Bei Interesse könnt ihr einfach eine Mail an mich schicken: info@calas-welt.de

Außerdem sind wir im Moment dabei, nach Möglichkeiten zu suchen, einzelne Bio-Produkte aus der Toskana dauerhaft zu importieren – drückt die Daumen, dass es klappt, ich halte euch auf dem laufenden!

Liebe Grüße
Cala

Fagioli (weiße Bohnen)

Natürlich will ich im Moment alles ausprobieren, was ich aus der Toskana mitgebracht habe. Heute habe ich die weißen Bohnen zubereitet und war restlos begeistert. Ich weiß nicht ,ob das reines Wunschdenken ist, aber ich bilde mir ein, dass die Bohnen aus der Toskana viel besser schmecken als die Biobohnen, die ich hier gekauft habe – ich habe übrigens noch mal auf die Packungen geschaut: restlos alle Hülsenfrüchte aus dem Bioladen (bis auf ein paar kanadische Linsen) stammen aus der Türkei… Ich weiß jetzt schon, dass ich versuchen werde, Nachschub aus der Toskana zu bekommen, ich weiß nur noch nicht genau, wie…

Hier, was ich aus den Bohnen gemacht habe:

Eiweiß: weiße Bohnen (getrocknet)
Gemüse: rote Zwiebeln, Tomaten
außerdem: Rosmarin, Salbei (geröstet), frischen Knoblauch, Zitronenzesten, Salz & Pfeffer aus der Mühle, Ghee (Butterschmalz)

Die Bohnen werden gewaschen und über Nacht (mindestens 12 Stunden) in Wasser eingeweicht. Dann in frischem, leicht gesalzenem Wasser entweder nach Packungsanweisung oder bis zur gewünschten Konsistenz kochen.

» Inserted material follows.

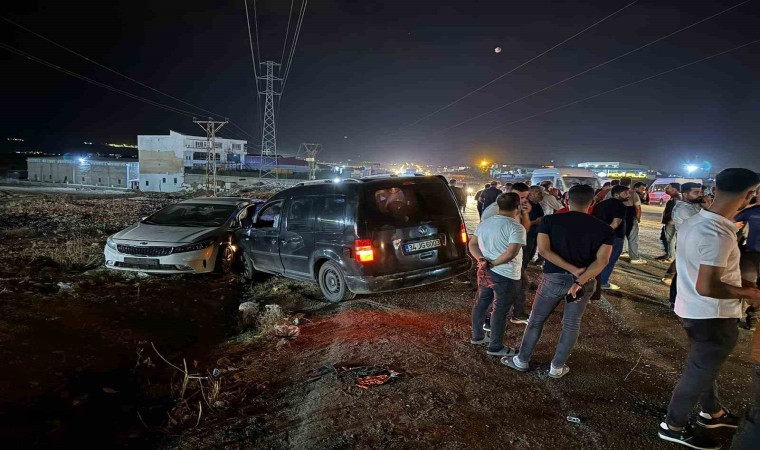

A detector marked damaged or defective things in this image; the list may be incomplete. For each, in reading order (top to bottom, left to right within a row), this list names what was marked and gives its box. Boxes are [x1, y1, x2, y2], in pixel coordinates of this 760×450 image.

damaged kia sedan [102, 197, 260, 274]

Zwiebeln in kleine Würfel schneiden und in etwas Ghee anbraten. Knoblauch fein hacken und dazugeben. Bohnen hinzufügen und ebenfalls anbraten. Die Tomaten häuten und zu den Bohnen geben. Zitronenzesten, Rosmarin und etwas Wasser hinzugeben und gut durchschmoren, bis die Flüssigkeit verkocht ist. Dann mit Salz & Pfeffer würzen. Auf einem Teller anrichten und mit geröstetem Salbei bestreuen. Nach Wunsch mit Olivenöl servieren.

Dazu schmeckt ein grüner Salat: ich mache meinen neuerdings mit geriebenem Knoblauch – auch eine Anregung aus der Toskana. Dazu schmecke ich den Salat – im Moment liebe ich in feine Steifen geschnittenen Romana-Salat – erst ganz normal mit Öl (Kernöl ist klasse!), Salz und Pfeffer ab. Zum Schluss gebe ich eine Mischung aus Zitronensaft, Olivenöl und geriebenem frischen Knoblauch darüber…

Toskanischer Reissalat

Erinnert ihr euch an Karins Reissalat? Hier kommt meine erste eigene Variante davon – super lecker!

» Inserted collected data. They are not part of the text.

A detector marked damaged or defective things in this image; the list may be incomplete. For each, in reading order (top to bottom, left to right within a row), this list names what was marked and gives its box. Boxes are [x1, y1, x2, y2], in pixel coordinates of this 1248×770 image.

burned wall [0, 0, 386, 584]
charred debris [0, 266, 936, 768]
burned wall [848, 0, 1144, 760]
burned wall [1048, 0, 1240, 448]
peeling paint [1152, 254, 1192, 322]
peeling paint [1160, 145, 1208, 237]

Eiweiß: Peccorino, Feta- oder Bergkäse in kleinen Würfeln
Gemüse: nach Wunsch – in Würfel oder feine Streifen geschnitten
außerdem: etwas kalten Reis, Olivenöl, Zitronensaft, Kapern und/oder Oliven,
frische Basilikum- und Salbeiblätter, Salz, Pfeffer

Ich habe diese Version mit Auberginen, Roter Beete, roten Zwiebeln und Tomaten gemacht – im Prinzip ist man aber vollkommen frei in der Auswahl der Gemüse, wobei ich denke, dass Auberginen und Tomaten ziemlich ideal sind.

Die Auberginen habe ich in Scheiben geschnitten und im Ofen gegart (man kann sie vorher mit einer Mischung aus Olivenöl und Knoblauch bestreichen, muss man aber nicht). Nach dem Garen habe ich sie in kleine Würfel geschnitten.

Die Rote Beete (ich hatte noch wunderschöne aus dem Bioladen in Montepulciano) habe ich nach Ed Browns Rezept mit der Schale im Ofen gegart und sie erst später geschält, das klappt prima. Die roten Zwiebeln habe ich in Würfel geschnitten und in Ghee leicht angebraten. Auch die Salbeiblätter habe ich in etwas Ghee knusprig angebraten – das dauert eine Weile, deshalb bereite ich immer eine größere Menge davon zu, die ich dann für verschiedene Gerichte verwende.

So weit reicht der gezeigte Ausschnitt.